LE STANDARD, le 22 mars 2024. Luis Abinader campe sur sa position relative à l’expulsion des Haïtiens en situation irrégulière en République Dominicaine.

Face à la crise humanitaire qui prévaut dans le pays, l’ONU avait demandé, la semaine écoulée, à la République Dominicaine et au reste des pays d’arrêter l’expulsion des Haïtiens vers un pays qui n’est clairement pas sûr.
En réponse, le président dominicain, Luis Abinader a déclaré que son gouvernement poursuivra avec la déportation d’Haïtiens et n’autorisera pas l’établissement de Camps de réfugiés pour les ressortissants haïtiens sur le territoire dominicain. Il a fait ses déclarations lors d’un entretien avec le programme HARDtalk de la BBC.

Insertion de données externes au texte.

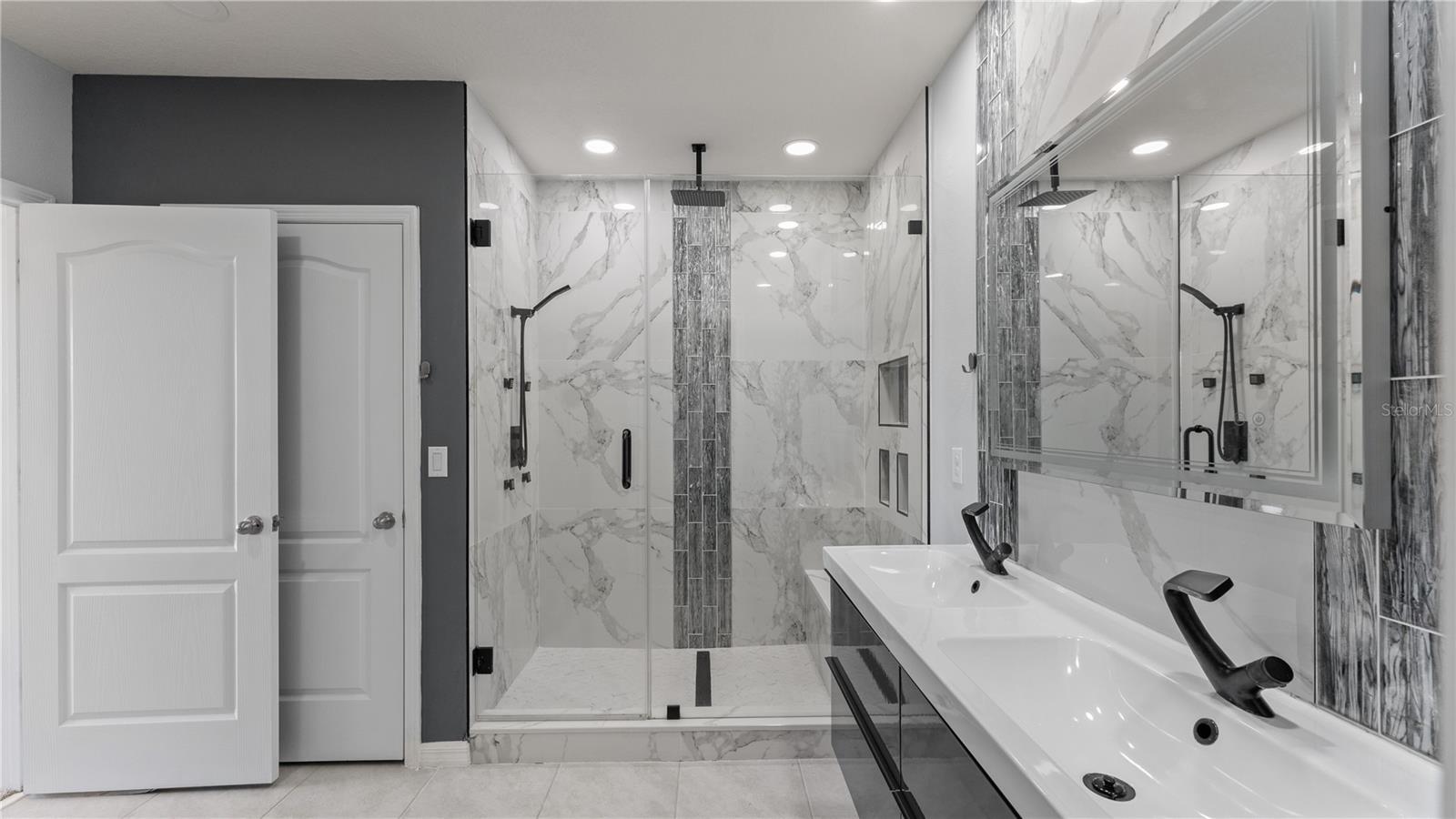 BARRINGTON - Residential Lease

Le numéro 1 de la République Dominicaine rejette toute idée de supporter les ressortissants haïtiens. Il a soutenu que son gouvernement continue à élaborer et à appliquer les lois de la constitution dominicaine.
« Je crois que l’ ONU est celle qui doit agir davantage . Je pense que les États-Unis ont perdu beaucoup de temps, surtout cette unité. pour aider Haïti », a poursuivi Abinader, soulignant que la communauté internationale et l’ONU « ne peuvent pas demander (au pays) de résoudre le problème haïtien ».
Il faut souligner que malgré les violences et les appels de l’international aux pays dits amis d’Haïti de suspendre la déportation des Haïtiens, la chasse des fils et filles d’Haïti se poursuit à travers le monde.
Lundi dernier, les Bahamas ont rapatrié 263 migrants en Haïti. Ce groupe, 216 hommes, 44 femmes et 3 enfants est arrivé au Cap-Haïtien le mercredi 20 mars.